In this course, we will primarily focus on how to set things up the
right way to do machine learning in production without overcomplicating
it. This is an ML products-focused class, not an MLOps class! Check out
this talk by Jacopo Tagliabue describing [MLOps at Reasonable
Scale](https://www.youtube.com/watch?v=Ndxpo4PeEms) for a
great exposition of this mindset.
### Chapter Summary
1. ML adds complexity. Consider whether you really need it.
2. Make sure what you're working on is high impact, or else it might
get killed.
## 3 - Lifecycle
ML adds complexity to projects and isn't always a value driver. Once you
know, however, that it's the right addition to your project, what does
the actual lifecycle look like? What steps do we embark upon as we
execute?
In this course, the common running example we use is of **a pose
estimation problem**. We'll use this as a case study to demonstrate the
lifecycle and illustrate various points about ML-powered products.
![](./media/image13.png)
Here's a graphic that visualizes the lifecycle of ML projects:
![](./media/image3.png)
It provides a very helpful structure. Watch from 48:00 to 54:00 to dive
deeper into how this lifecycle occurs in the context of a real machine
learning problem around pose estimation that Josh worked on at OpenAI.
Let's comment on some specific nuances:
- **Machine learning projects tend to be very iterative**. Each of
these phases can feed back into any of the phases that go before
it, as you learn more about the problem that you're working on.

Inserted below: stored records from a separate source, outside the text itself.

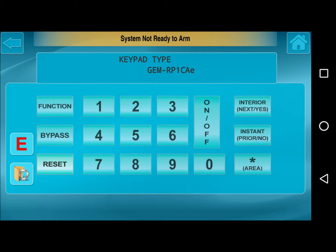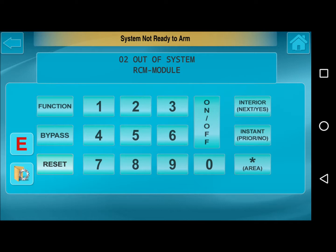Once you're finished programming, just hit Reset. We got 02 out of system, RCM module — and that's it for the programming. You can now move the keypad configuration jumper on the control panel back to the top two pins, which is normal operation. This concludes our video tech tip on how to set the keypad address and keypad type of your iBridge system.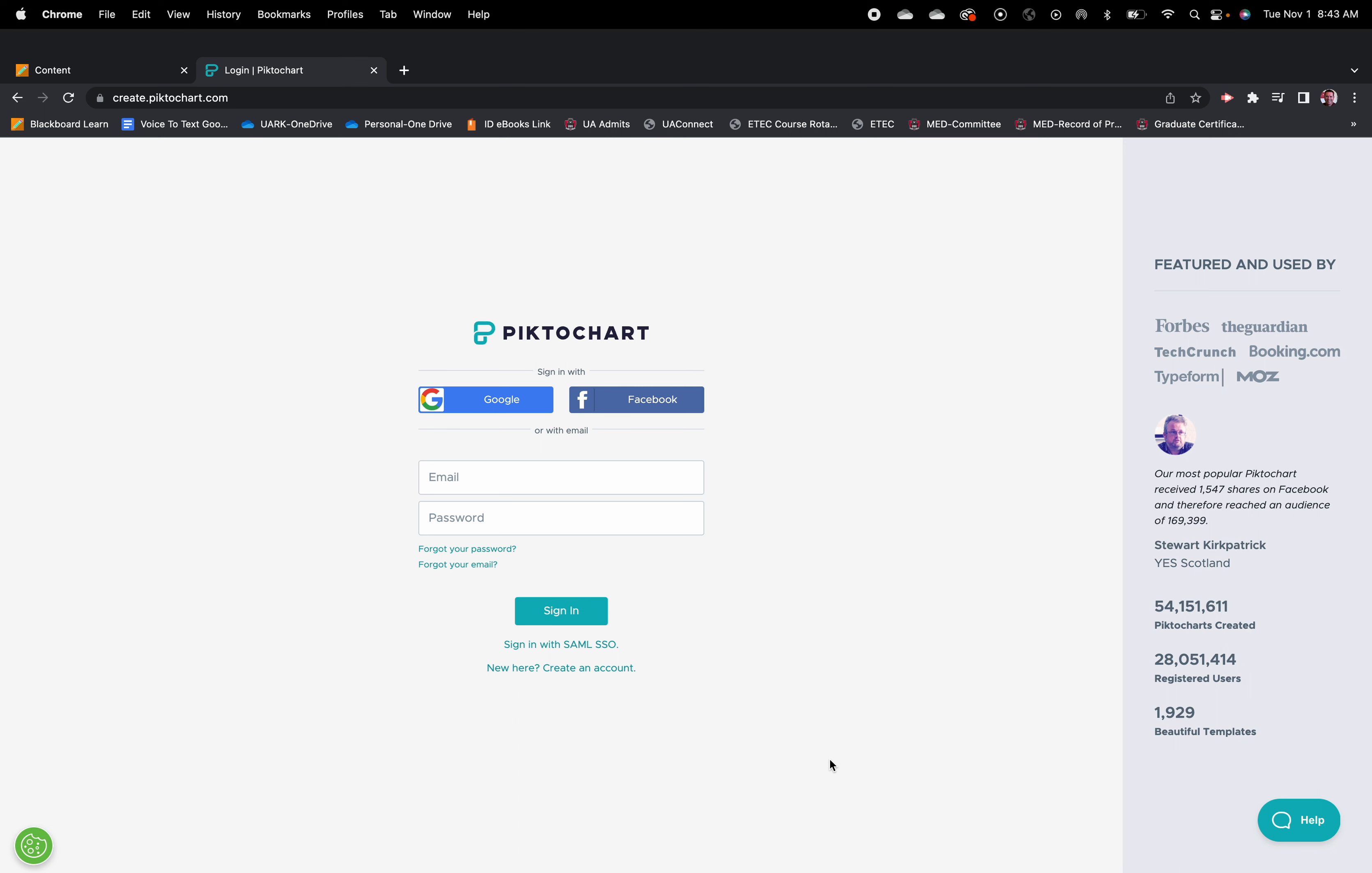One of the nice things about PictoChart is it interfaces very well with Google and all of the Google tools. For those of you that are working in Google education platforms a lot, it's a great way to have things interfaced easily.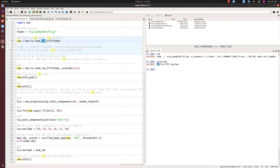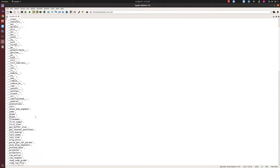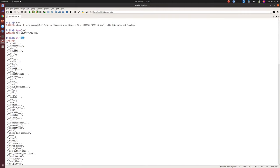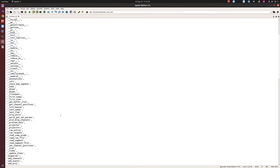The type is MNE.IO.FIF. FIF is a convention or file extension that MNE developers introduced — you need to follow their convention. Let's explore what we can do with this Python object and take a look at some properties. These are hidden attributes we don't need to bother with, and these are some semi-private ones.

- For example, you might realize that "Actually, it's way too
hard for us to get data in order to solve this problem!" or
"It's really difficult for us to label the pose of these
objects in 3D space".
- A solution might actually be to go back a step in the lifecycle
and set up the problem differently. For example, what if it
were cheaper to annotate per pixel?
- This could repeat itself multiple times as you progress through
a project. It's a normal and expected part of the machine
learning product development process.
- In addition to iteration during execution, there's also
cross-project "platform" work that matters! **Hiring and
infrastructure development are crucial to the long-term health of
your project**.
- Going through this lifecycle and winning each step is what we'll
cover in this class!
## Lecture Summary
In summary, here's what we covered in this lecture:
1. ML is NOT a cure-all. It's a complex technology that needs to be
used thoughtfully.
2. You DON'T need a perfect setup to get going. Start building and
iterate!
3. The lifecycle of machine learning is purposefully iterative and
circuitous. We'll learn how to master this process together!